A lake site in northern Germany, near Schöningen, has lifted much of the veil of how advanced
Homo heidelbergensis was during the later Lower Palaeolithic. As Heritage Daily
reports:
The excavations in the open-cast coal mine in Schöningen running from 1994 until today show that we have long underestimated the cultural capacities of Homo heidelbergensis. Schöningen is a key site for documenting both a high resolution record of past climatic change and how hominins lived in northern Europe during the Ice Age. Since 2008 Professor Nicholas Conard and Dr. Jordi Serangeli of the University of Tübingen have led the excavations with a major international research team in close cooperation with the Cultural Heritage Office of Lower Saxony.
the
Journal of Human Evolution is making available for a time, all of the papers of a special issue on the site. That is how important it is. That link is
here.
What has been discovered, since the opening of the excavations, is that
Homo heidelbergensis created advanced bone and stone implements, engaged in complex hunting behaviors and exhibited behaviors consistent with a high level of “planning depth.” Further, they appear to have lived in a society with divisions of labor and a highly advanced communication system.

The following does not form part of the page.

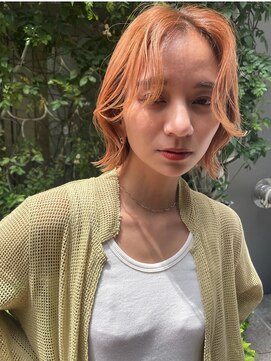 ロンドシエル 横浜(Lond ciel) 顔周りレイヤー/くびれボブ/ブリーチカラー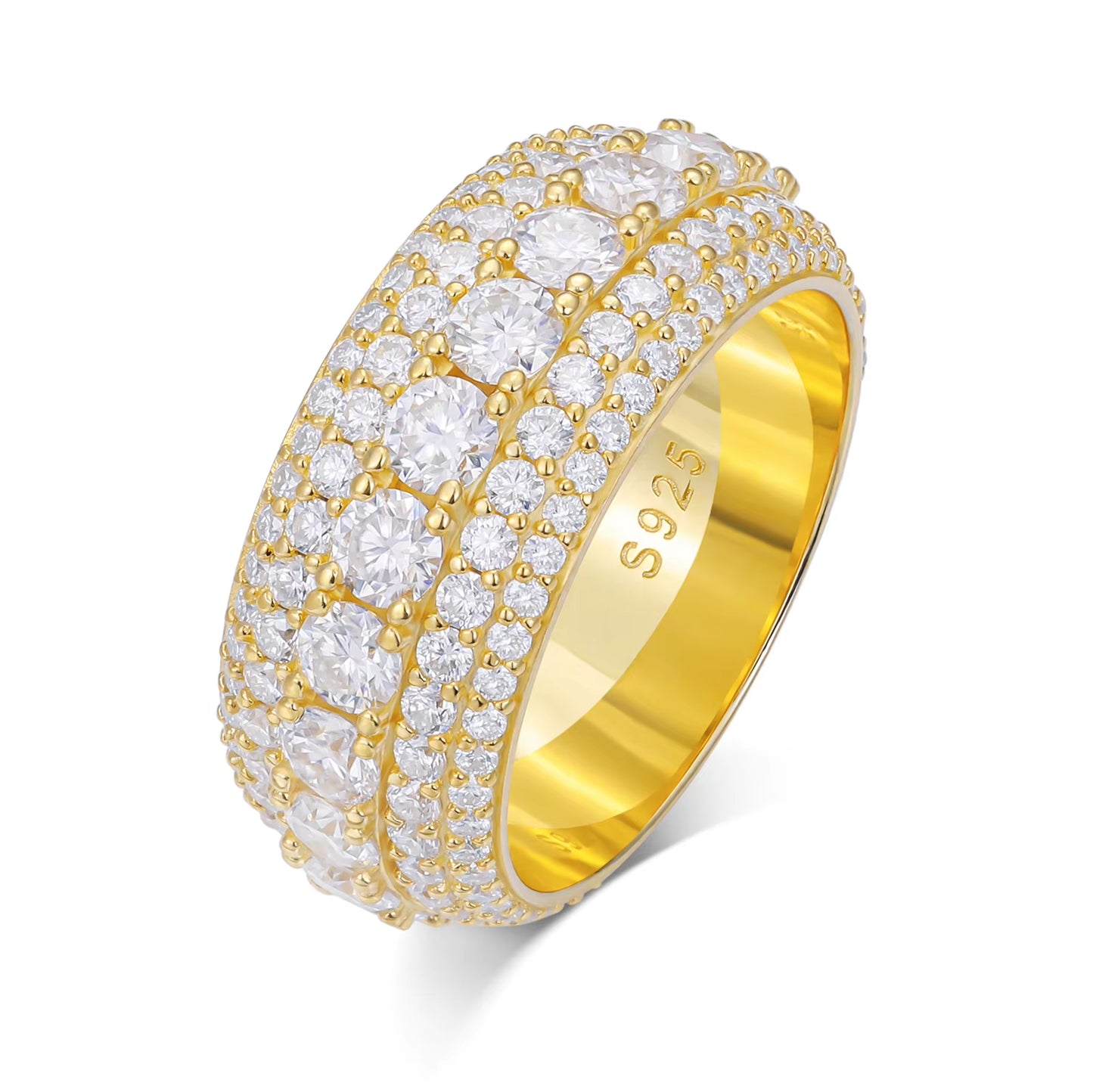 3-Row Moissanite Band Ring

This has been referred to by the authors of one of the papers as “paradigm shifts in human evolution” and appears to represent, at least at this site and at this time period, a radical change in the way that humans were dealing with their surroundings. In other words, at around 300,000 years ago, we seem to have the roots of modern human behavior, in Europe. How much earlier this behavior actually shows up is, at the moment, anybody's guess.